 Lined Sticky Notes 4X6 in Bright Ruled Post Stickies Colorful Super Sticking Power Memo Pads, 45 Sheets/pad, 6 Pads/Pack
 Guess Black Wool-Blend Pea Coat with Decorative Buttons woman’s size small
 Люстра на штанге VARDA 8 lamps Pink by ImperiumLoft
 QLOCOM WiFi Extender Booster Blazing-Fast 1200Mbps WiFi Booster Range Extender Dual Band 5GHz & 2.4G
==
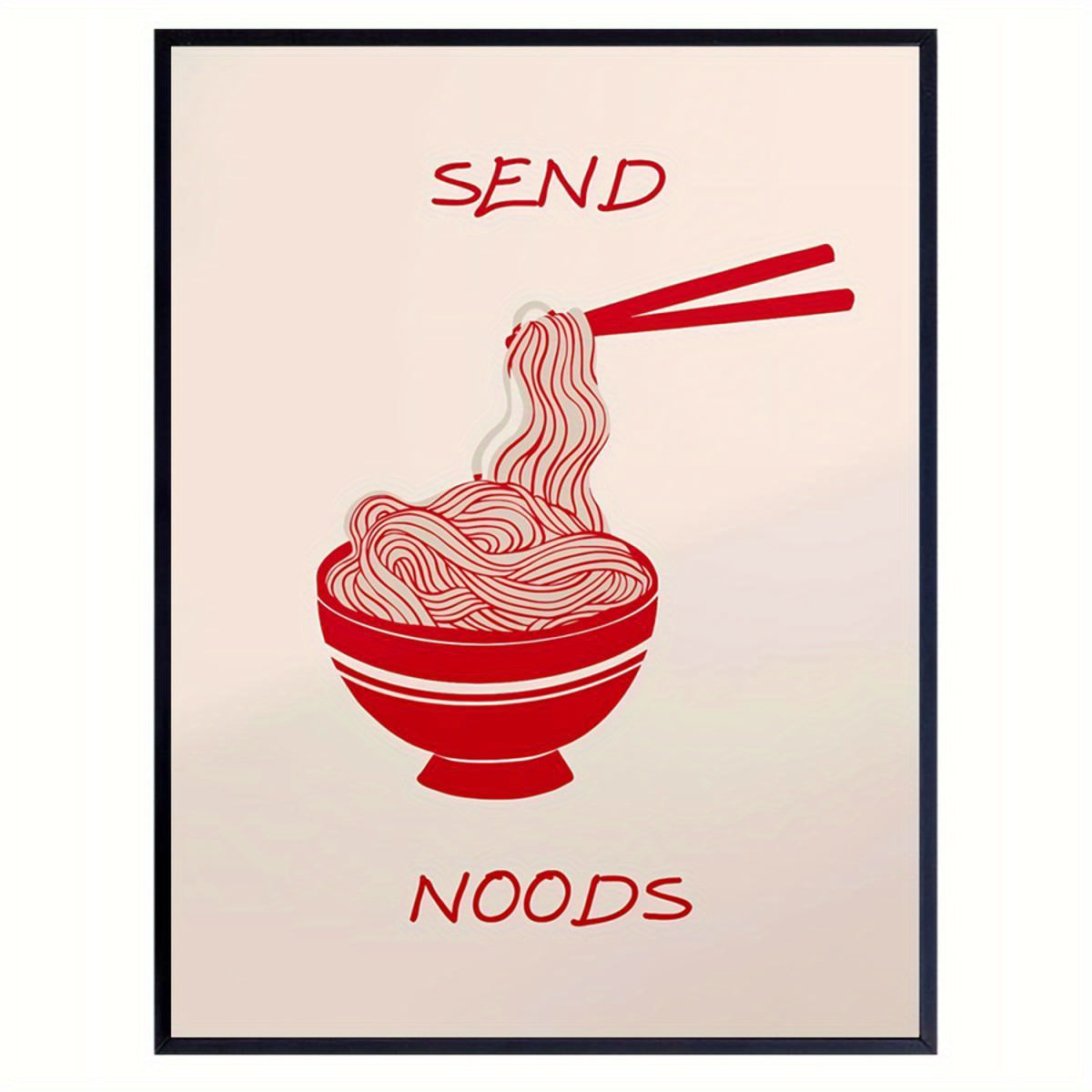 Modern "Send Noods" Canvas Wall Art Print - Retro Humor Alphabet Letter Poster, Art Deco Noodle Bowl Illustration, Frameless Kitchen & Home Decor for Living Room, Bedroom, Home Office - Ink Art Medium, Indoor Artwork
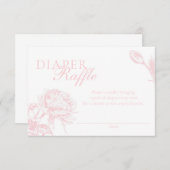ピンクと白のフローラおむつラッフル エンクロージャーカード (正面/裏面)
---
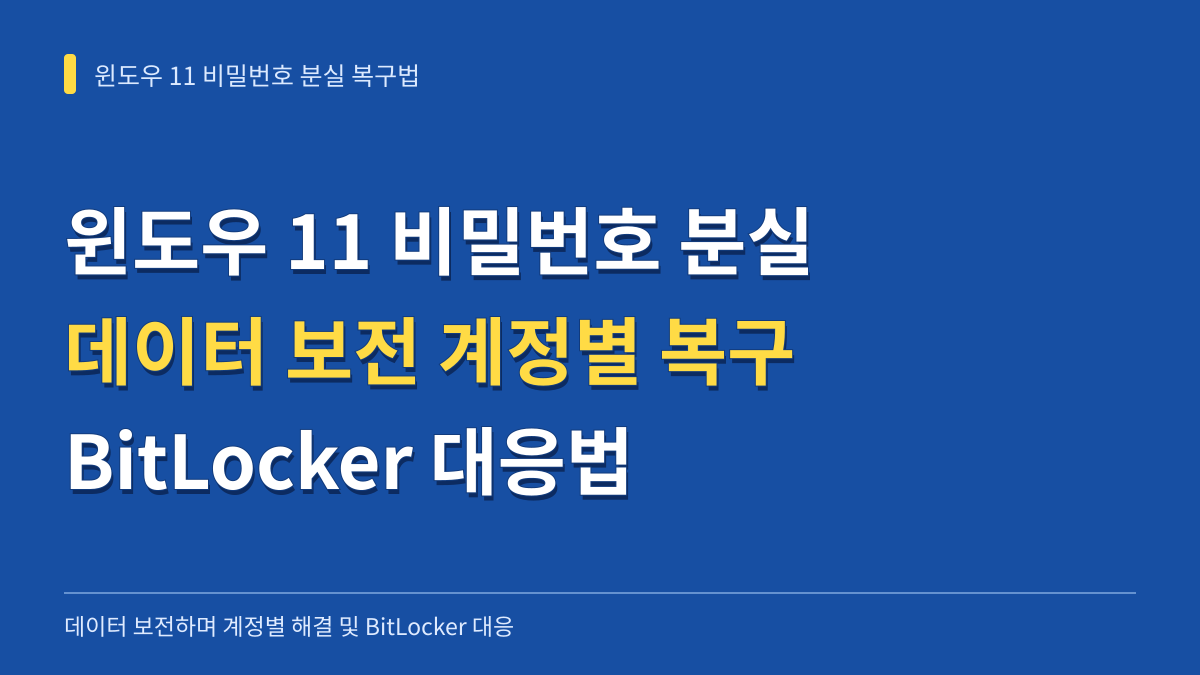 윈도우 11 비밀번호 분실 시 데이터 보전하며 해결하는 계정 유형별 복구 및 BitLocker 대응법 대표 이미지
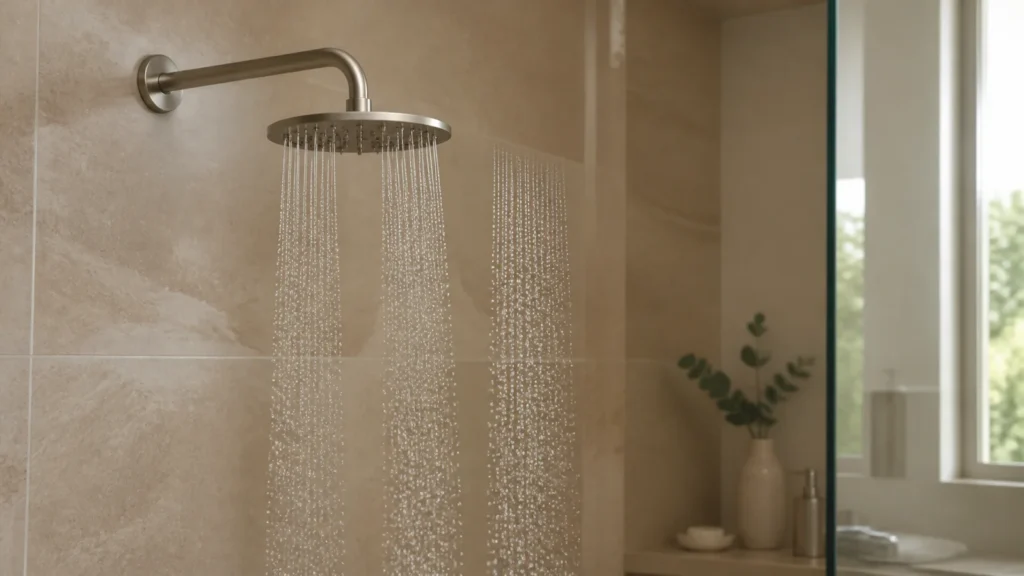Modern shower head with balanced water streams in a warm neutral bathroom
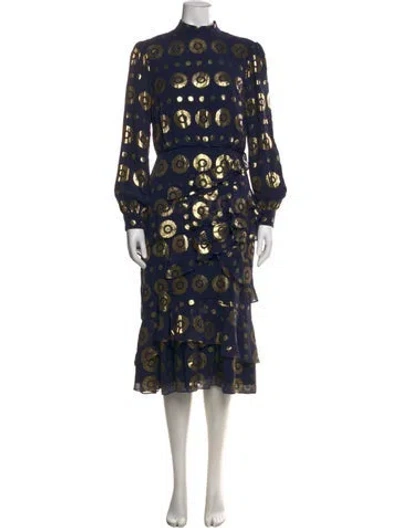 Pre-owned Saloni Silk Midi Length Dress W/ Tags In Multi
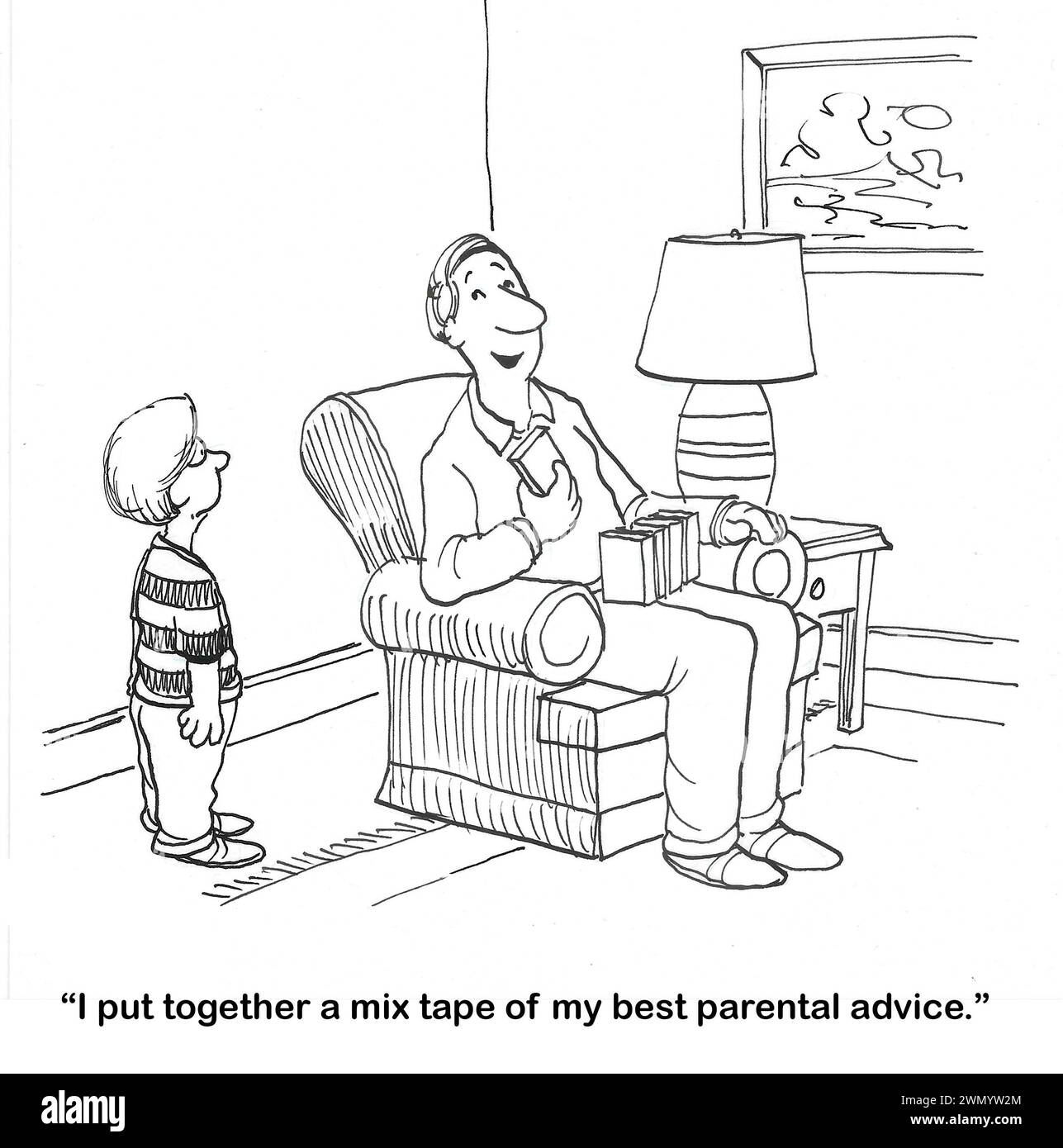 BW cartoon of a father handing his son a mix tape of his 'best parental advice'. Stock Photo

- **What you need to do**
Return only the part above that opens with the line containing "Pre-owned Saloni Silk" and closes with the line containing "BW cartoon of", exactly and with both ends, skipping the pictures.

- **Answer section**
 Pre-owned Saloni Silk Midi Length Dress W/ Tags In Multi
 BW cartoon of a father handing his son a mix tape of his 'best parental advice'. Stock Photo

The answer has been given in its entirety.